DATA SHOWN:
──────────

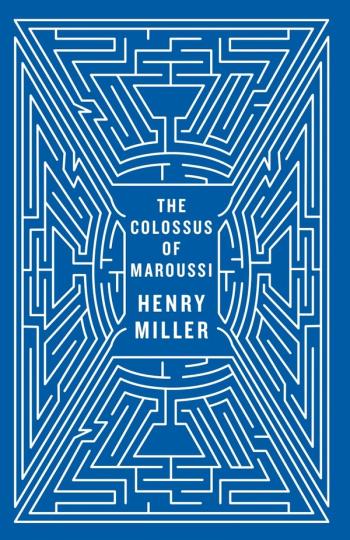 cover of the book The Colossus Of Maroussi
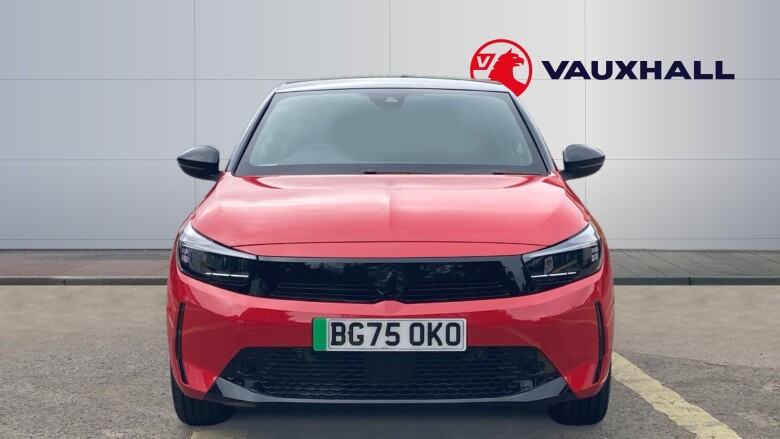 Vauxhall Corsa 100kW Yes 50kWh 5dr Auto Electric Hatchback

──────────

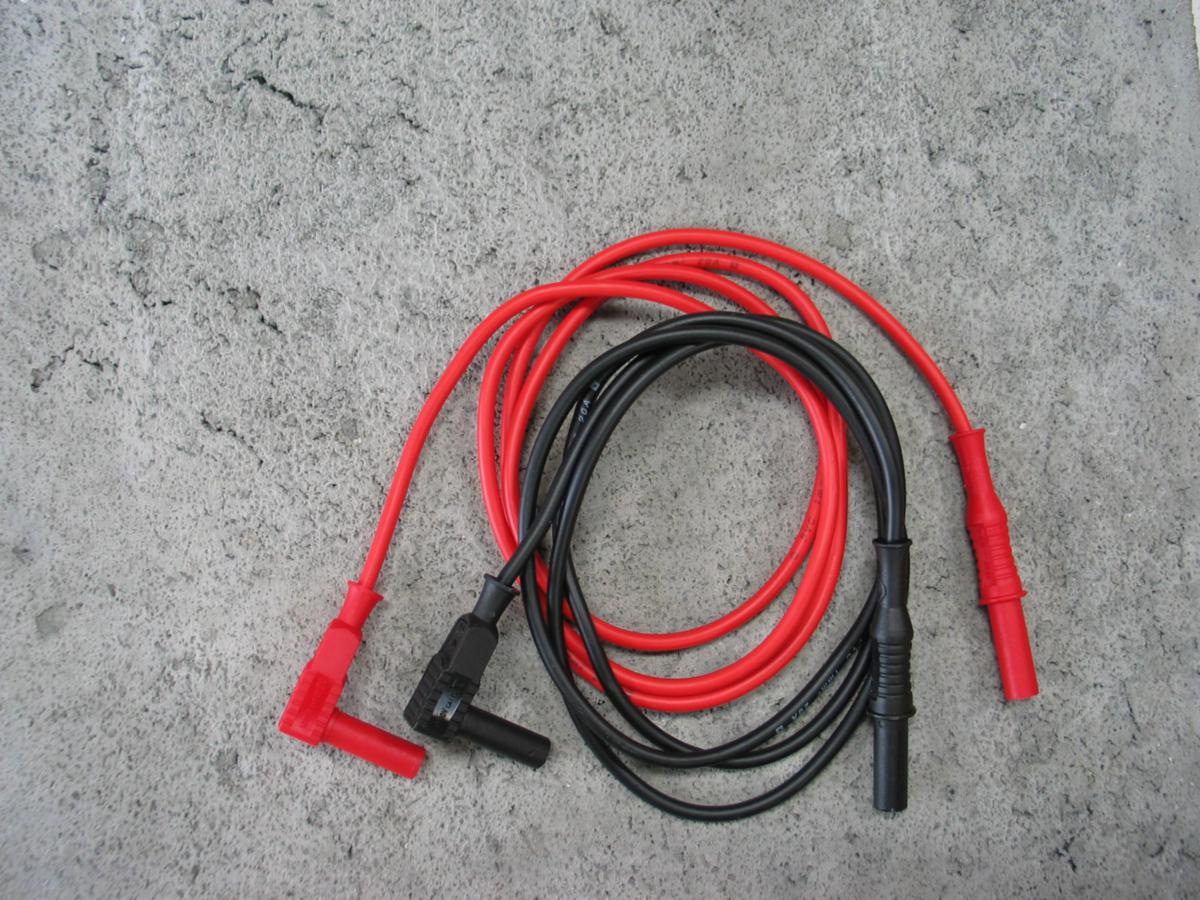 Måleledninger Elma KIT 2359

──────────

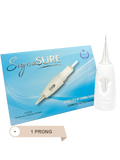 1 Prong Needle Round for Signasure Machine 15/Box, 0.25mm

──────────

Using the listing above, reproduce word for word every line from the one containing "cover of the book The Colossus Of Maroussi" through the one containing "Vauxhall Corsa 100kW". Pictures must be left out.

 cover of the book The Colossus Of Maroussi
 Vauxhall Corsa 100kW Yes 50kWh 5dr Auto Electric Hatchback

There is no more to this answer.